Form 8-K

 

 

UNITED STATES

SECURITIES AND EXCHANGE COMMISSION

Washington, DC 20549

 

 

FORM 8-K

 

 

CURRENT REPORT

Pursuant to Section 13 or 15(d) of the

Securities Exchange Act of 1934

Date of Report (Date of earliest event reported): October 21, 2010

 

 

OMEROS CORPORATION

(Exact name of registrant as specified in its charter)

 

 

 

Washington   001-34475   91-1663741

(State or other jurisdiction

of incorporation)

 

(Commission

File Number)

 

(IRS Employer

Identification No.)

1420 Fifth Avenue, Suite 2600

Seattle, Washington 98101

(Address of principal executive offices, including zip code)

(206) 676-5000

(Registrant’s telephone number, including area code)

(Former name or former address, if changed since last report)

 

 

Check the appropriate box below if the Form 8-K filing is intended to simultaneously satisfy the filing obligation of the registrant under any of the following provisions (see General Instruction A.2. below):

 

¨ Written communications pursuant to Rule 425 under the Securities Act (17 CFR 230.425)

 

¨ Soliciting material pursuant to Rule 14a-12 under the Exchange Act (17 CFR 240.14a-12)

 

¨ Pre-commencement communications pursuant to Rule 14d-2(b) under the Exchange Act (17 CFR 240.14d-2(b))

 

¨ Pre-commencement communications pursuant to Rule 13e-4(c) under the Exchange Act (17 CFR 240.13e-4(c))

 

 

 


Item 1.01 Entry into a Material Definitive Agreement.

Vulcan Agreement

On October 21, 2010, Omeros Corporation (“Omeros”), Vulcan Inc. and Cougar Investment Holdings LLC, an affiliate of Vulcan Inc. (“Vulcan Sub” and, together with Vulcan Inc., “Vulcan”), entered into a Platform Development Funding Agreement (the “Vulcan Agreement”).

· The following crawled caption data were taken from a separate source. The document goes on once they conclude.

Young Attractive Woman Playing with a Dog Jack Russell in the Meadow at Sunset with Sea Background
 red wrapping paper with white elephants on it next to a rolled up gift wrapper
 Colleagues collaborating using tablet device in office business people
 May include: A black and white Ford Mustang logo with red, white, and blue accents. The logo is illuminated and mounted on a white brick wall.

Pursuant to the Vulcan Agreement, Vulcan Sub paid Omeros $20 million and Omeros has agreed to pay Vulcan Sub tiered percentages of the net proceeds derived from Omeros’ G protein-coupled receptor program (the “GPCR Program”).

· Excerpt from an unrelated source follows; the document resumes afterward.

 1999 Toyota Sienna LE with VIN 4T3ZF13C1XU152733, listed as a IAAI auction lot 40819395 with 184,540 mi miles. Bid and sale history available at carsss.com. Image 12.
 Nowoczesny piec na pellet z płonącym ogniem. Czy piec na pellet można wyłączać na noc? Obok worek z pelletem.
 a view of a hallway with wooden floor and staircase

Also on October 21, 2010, Omeros and the Life Sciences Discovery Fund Authority, a granting agency of the State of Washington (“LSDF”), entered into the LSDF Agreement pursuant to which LSDF made a grant award to Omeros of $5 million that will be paid against expenses incurred by Omeros related to the GPCR Program. Pursuant to the LSDF Agreement, Omeros has agreed to pay LSDF tiered percentages of the net proceeds derived from the GPCR Program. The LSDF Agreement is described in additional detail below under the heading “LSDF Agreement.”

The percentage rates payable to Vulcan Sub and LSDF decrease as the cumulative net proceeds reach specified thresholds, and the blended percentage rate payable to Vulcan Sub and LSDF in the aggregate is in the mid-teens with respect to the first approximately $1.5 billion of cumulative net proceeds received by Omeros from its GPCR Program. After Omeros has received approximately $1.5 billion of cumulative net proceeds, the percentage rate payable to Vulcan Sub and LSDF in the aggregate decreases to one percent. Pursuant to the Vulcan Agreement, at its option, Omeros may pay a portion of Vulcan Sub’s share of the one percent of net proceeds to a life sciences initiative to be established pursuant to LSDF Agreement (“LSI”). The LSI will be a non-profit, tax-exempt organization with a mission to advance life sciences in the State of Washington.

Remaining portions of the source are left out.